(RECORD EXCERPTS Opens)
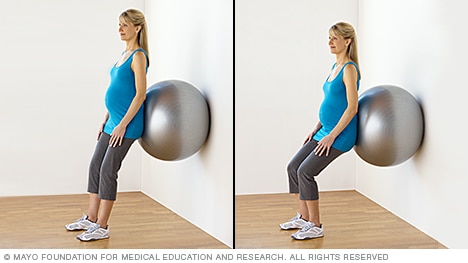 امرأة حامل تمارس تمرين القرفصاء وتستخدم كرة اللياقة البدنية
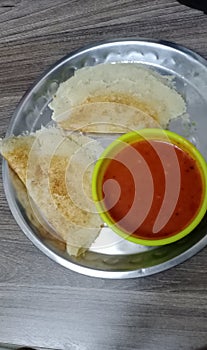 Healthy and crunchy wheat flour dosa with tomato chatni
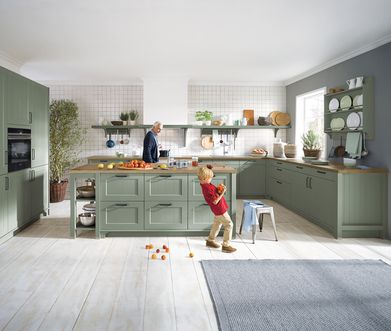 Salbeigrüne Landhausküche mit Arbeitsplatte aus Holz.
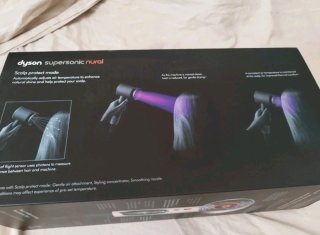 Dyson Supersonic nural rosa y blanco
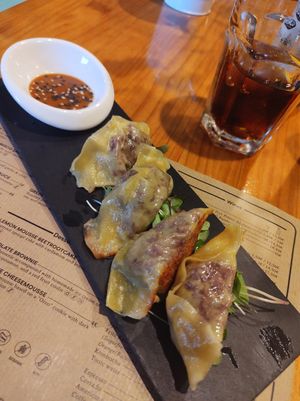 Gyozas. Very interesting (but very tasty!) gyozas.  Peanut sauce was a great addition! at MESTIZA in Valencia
(RECORD EXCERPTS Closes)
(RECORD EXCERPTS Opens)
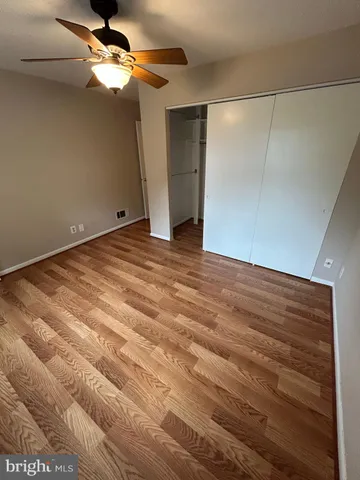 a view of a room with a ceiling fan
(RECORD EXCERPTS Closes)
- [PROMPT] Both boundary lines included, write out word for word only the lines above from the one containing "Salbeigrüne Landhausküche mit" to the one containing "Gyozas. Very interesting", leaving out any pictures.

- [RESPONSE]
 Salbeigrüne Landhausküche mit Arbeitsplatte aus Holz.
 Dyson Supersonic nural rosa y blanco
 Gyozas. Very interesting (but very tasty!) gyozas.  Peanut sauce was a great addition! at MESTIZA in Valencia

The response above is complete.